* [Work task]
Copy out the lines beginning at the one with "Striated rock layers" and ending at the last line of the data, both included; pictures stay out.

* [Records shown]
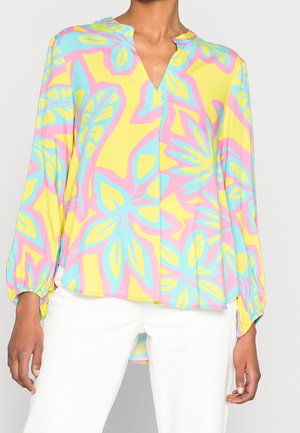 Langærmet bluse med elastiske manchetter, med et farverigt abstrakt blomsterprint i gult, pink og blåt, båret sammen med hvide bukser.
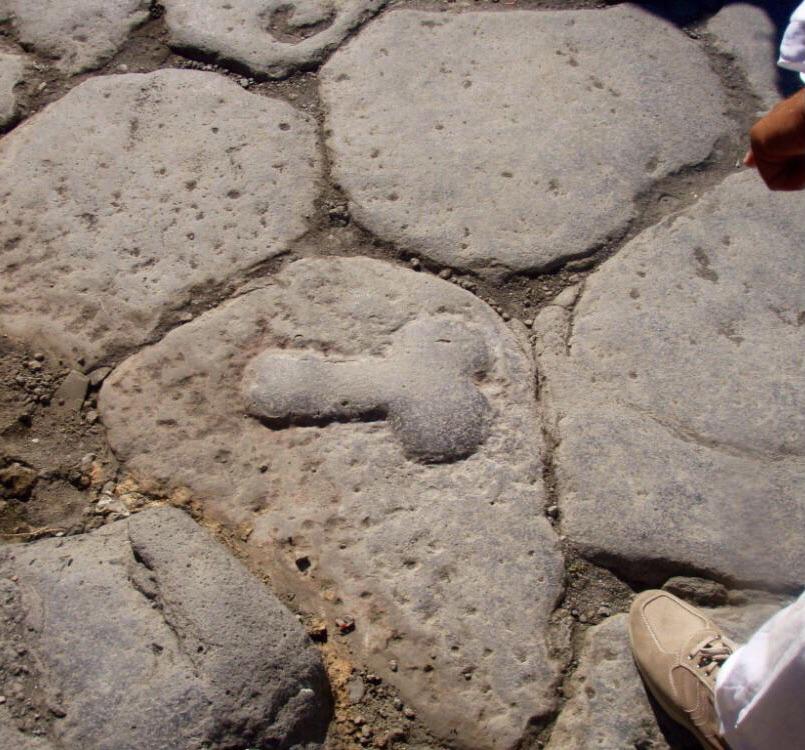 In Pompeii, phallic symbols on local roadways pointed the way to the nearest brothel; possibly to direct foreign sailors who didn't speak Latin.jpg
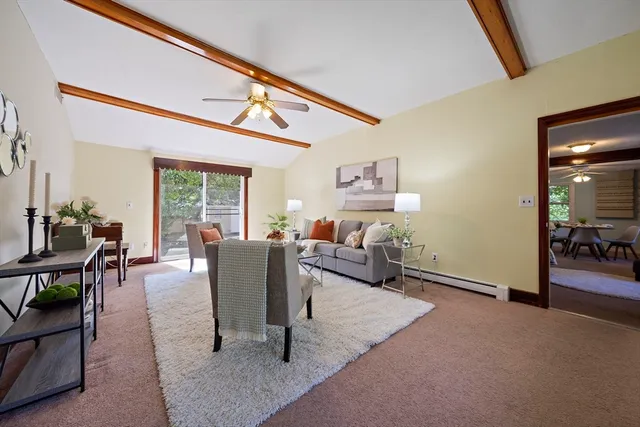 a living room with furniture and a floor to ceiling window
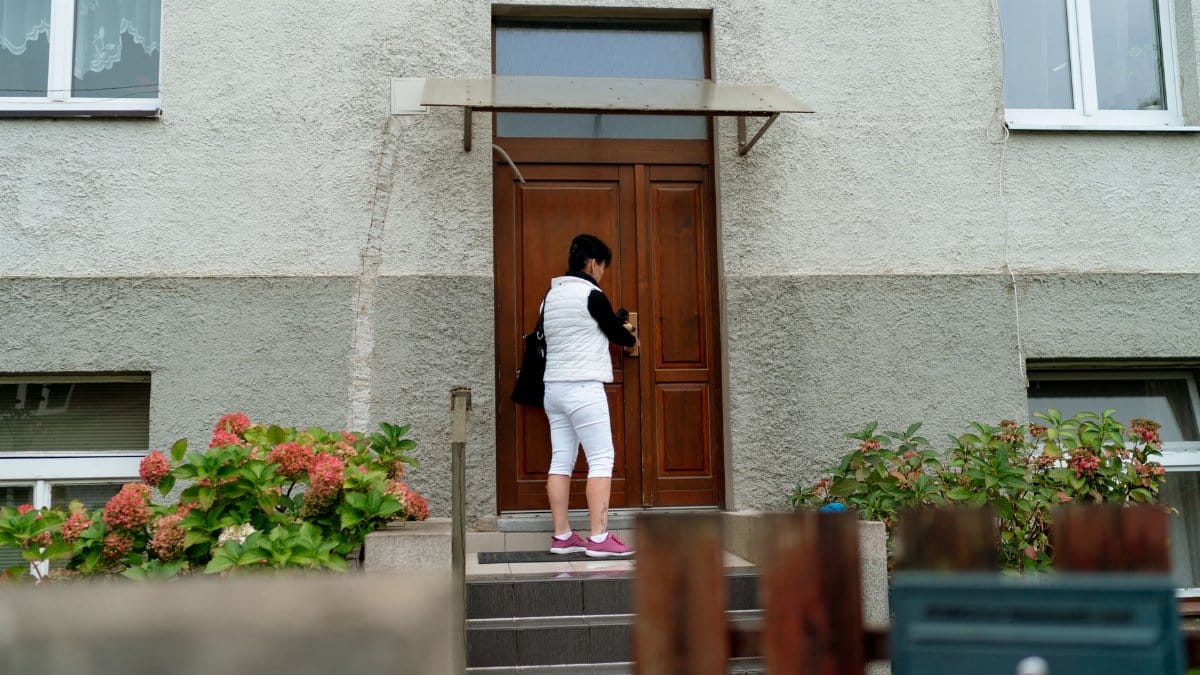 Woman in white outfit unlocking door of a residential building in Prague.
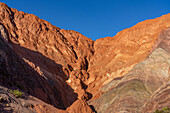 Striated rock layers in the Hill of Seven Colors or Cerro de los Siete Colores in Purmamarca, Argentina.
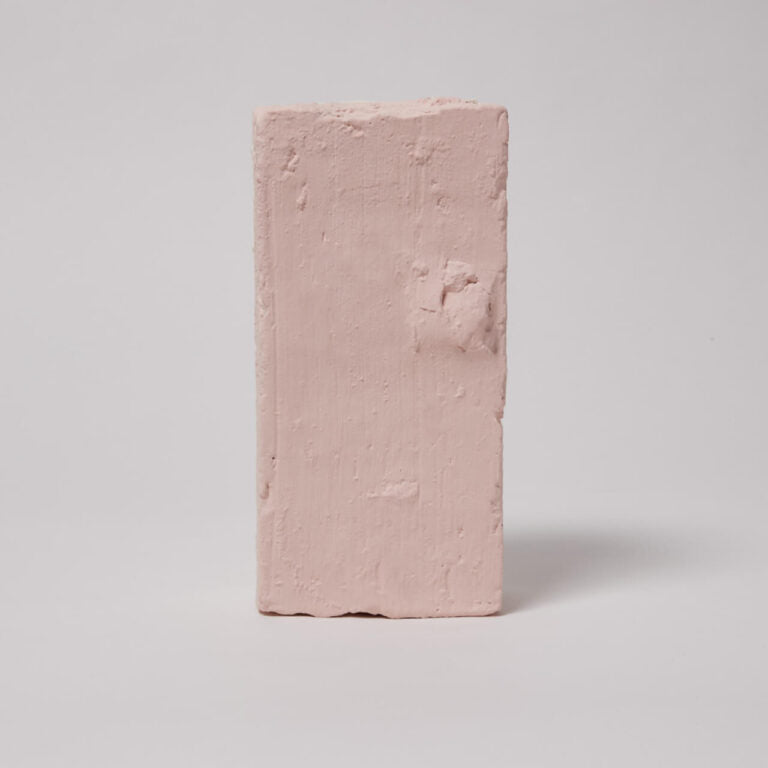 Pink brick on a light gray background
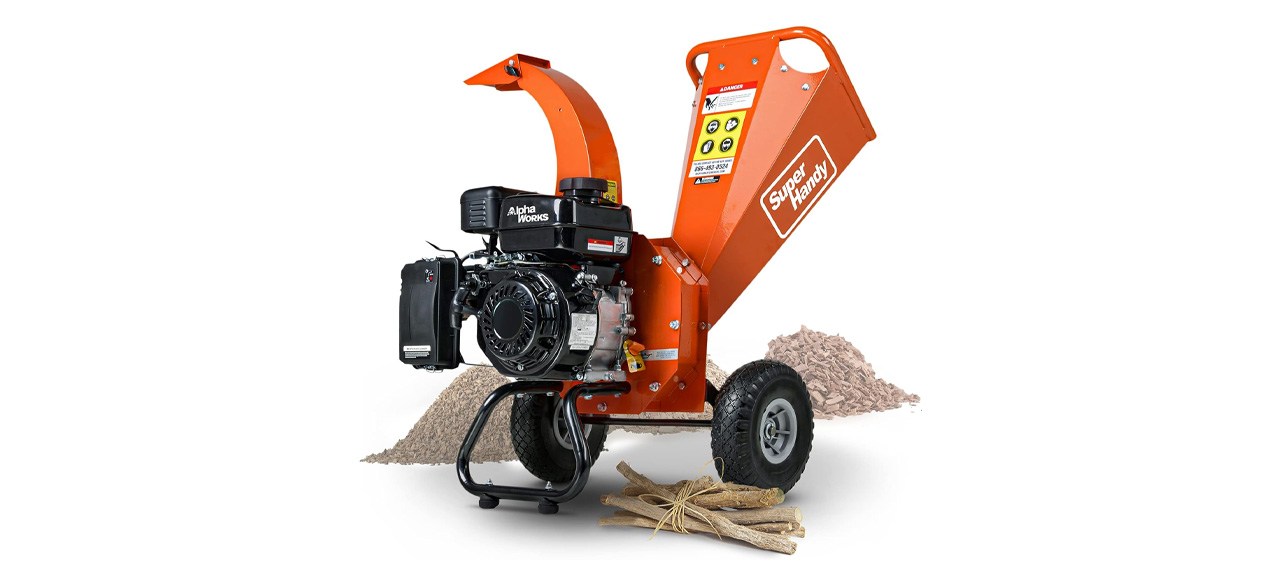 Orange and black mini wood chipper on white background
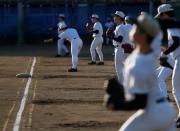 Members of Fukushima Commercial High School baseball team take part in a workout at the school's baseball field in Fukushima, Japan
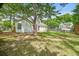 View of a backyard featuring mature trees, a fire pit, and home exterior with a deck and fencing at 1708 Eallystockert Rd, Charleston, SC 29414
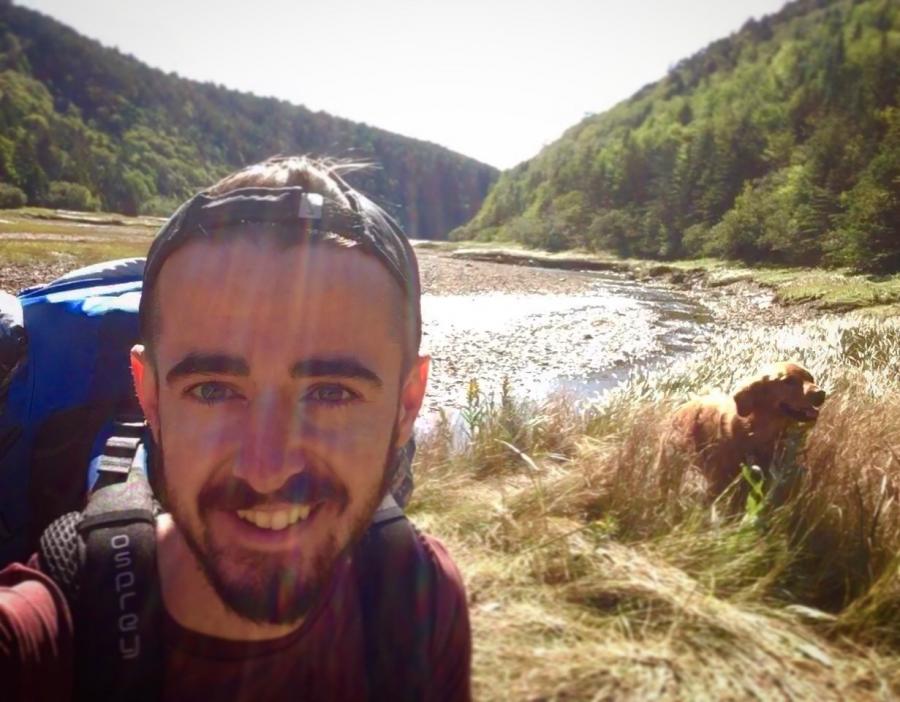 Alex Mayberry hiking with his dog Paul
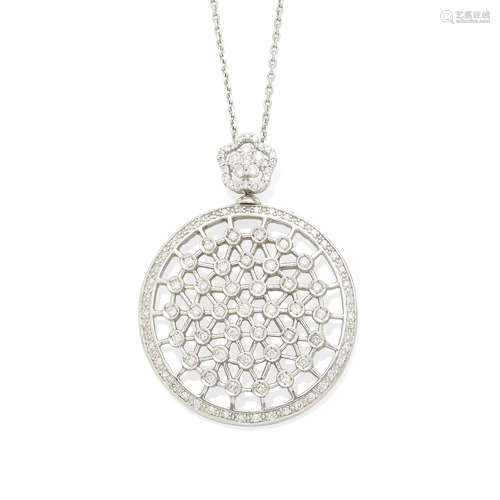 A diamond and white gold circle pendant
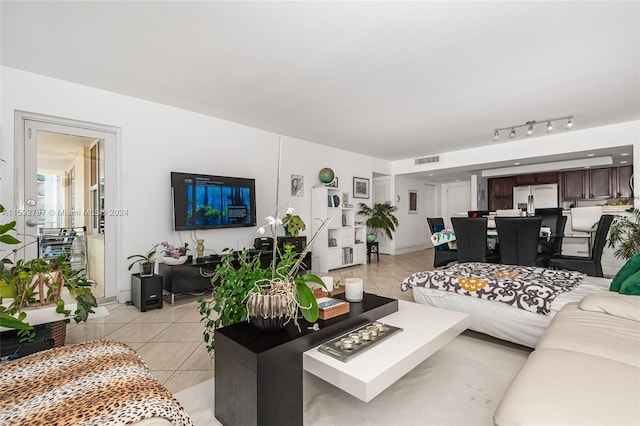 tiled living room with track lighting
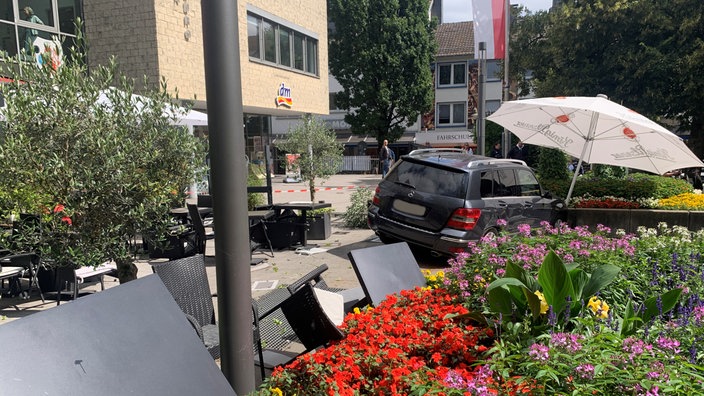 Großes graues Auto steht im Außenbereich einer Gastronomie
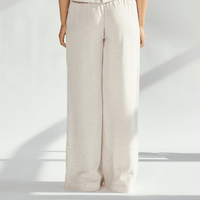 Back view of elegant linen wide leg pants in light beige, showcasing a flowing silhouette and comfortable fit.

* [Answer]
 Striated rock layers in the Hill of Seven Colors or Cerro de los Siete Colores in Purmamarca, Argentina.
 Pink brick on a light gray background
 Orange and black mini wood chipper on white background
 Members of Fukushima Commercial High School baseball team take part in a workout at the school's baseball field in Fukushima, Japan
 View of a backyard featuring mature trees, a fire pit, and home exterior with a deck and fencing at 1708 Eallystockert Rd, Charleston, SC 29414
 Alex Mayberry hiking with his dog Paul
 A diamond and white gold circle pendant
 tiled living room with track lighting
 Großes graues Auto steht im Außenbereich einer Gastronomie
 Back view of elegant linen wide leg pants in light beige, showcasing a flowing silhouette and comfortable fit.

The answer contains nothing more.